• _Exercise instructions_
Reproduce the listing below from the line with "Soon the kitchen" to the line with "We have some", both lines included, character for character, minus any pictures.

• _Information supplied_
== Segment start ==

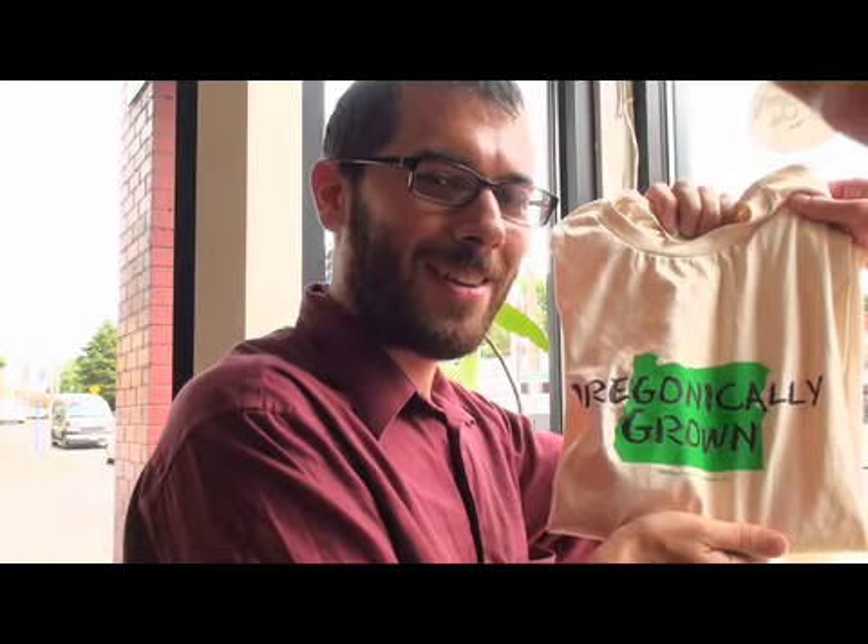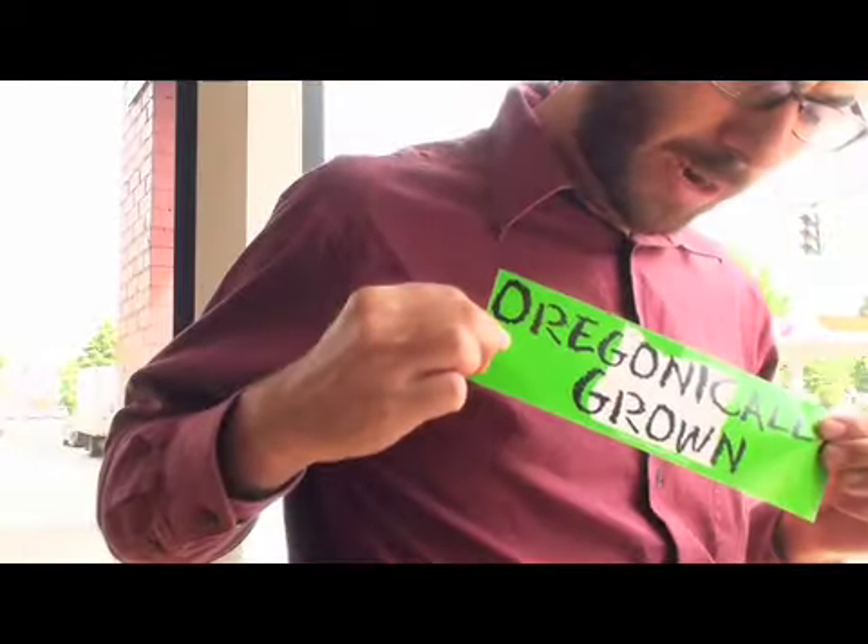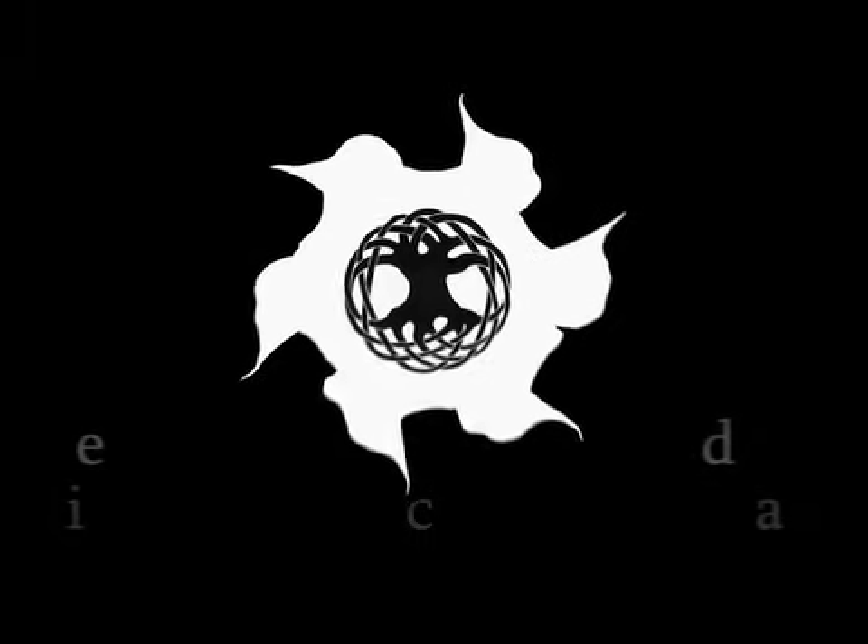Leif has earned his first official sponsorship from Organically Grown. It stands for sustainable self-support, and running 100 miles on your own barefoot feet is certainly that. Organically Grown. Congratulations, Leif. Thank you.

== Segment end ==
== Segment start ==

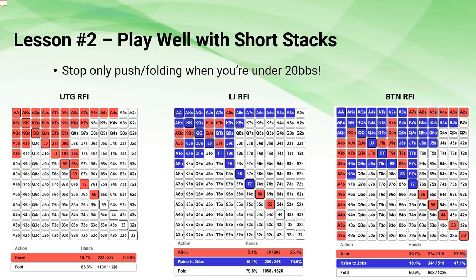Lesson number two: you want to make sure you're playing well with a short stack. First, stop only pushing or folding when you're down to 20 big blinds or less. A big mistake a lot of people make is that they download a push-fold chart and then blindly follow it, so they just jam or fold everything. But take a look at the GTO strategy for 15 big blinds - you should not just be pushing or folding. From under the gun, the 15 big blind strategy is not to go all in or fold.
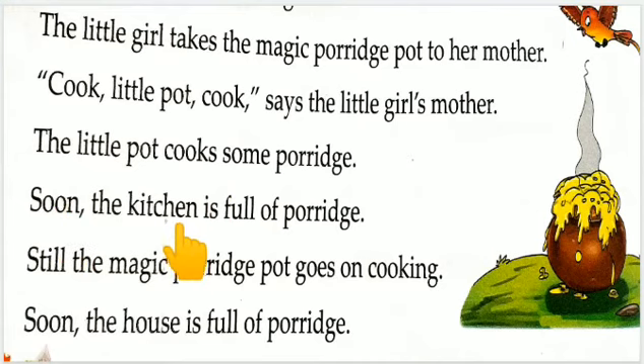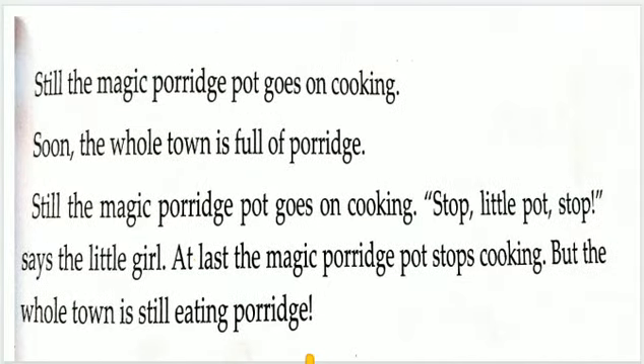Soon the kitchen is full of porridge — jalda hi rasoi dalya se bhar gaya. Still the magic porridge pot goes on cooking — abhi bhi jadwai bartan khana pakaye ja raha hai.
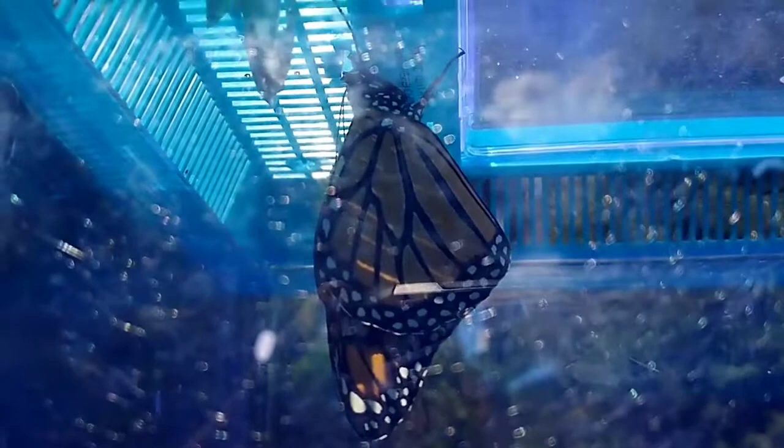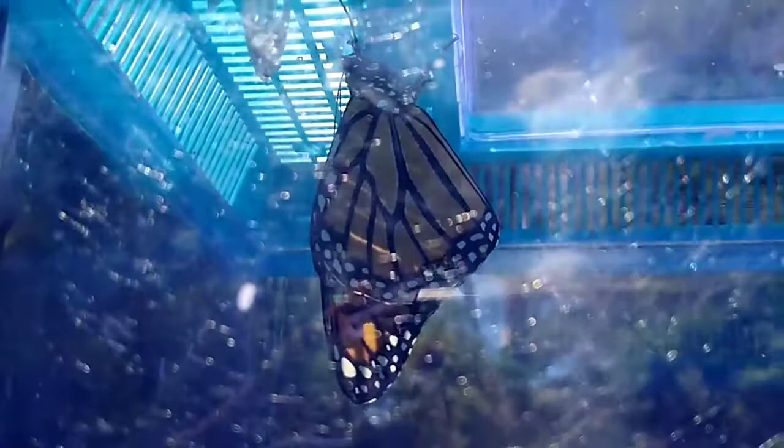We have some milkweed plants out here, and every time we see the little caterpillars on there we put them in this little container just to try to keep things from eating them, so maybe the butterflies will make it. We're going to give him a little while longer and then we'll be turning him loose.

== Segment end ==

• _The completed task_
Soon the kitchen is full of porridge — jalda hi rasoi dalya se bhar gaya. Still the magic porridge pot goes on cooking — abhi bhi jadwai bartan khana pakaye ja raha hai.
We have some milkweed plants out here, and every time we see the little caterpillars on there we put them in this little container just to try to keep things from eating them, so maybe the butterflies will make it. We're going to give him a little while longer and then we'll be turning him loose.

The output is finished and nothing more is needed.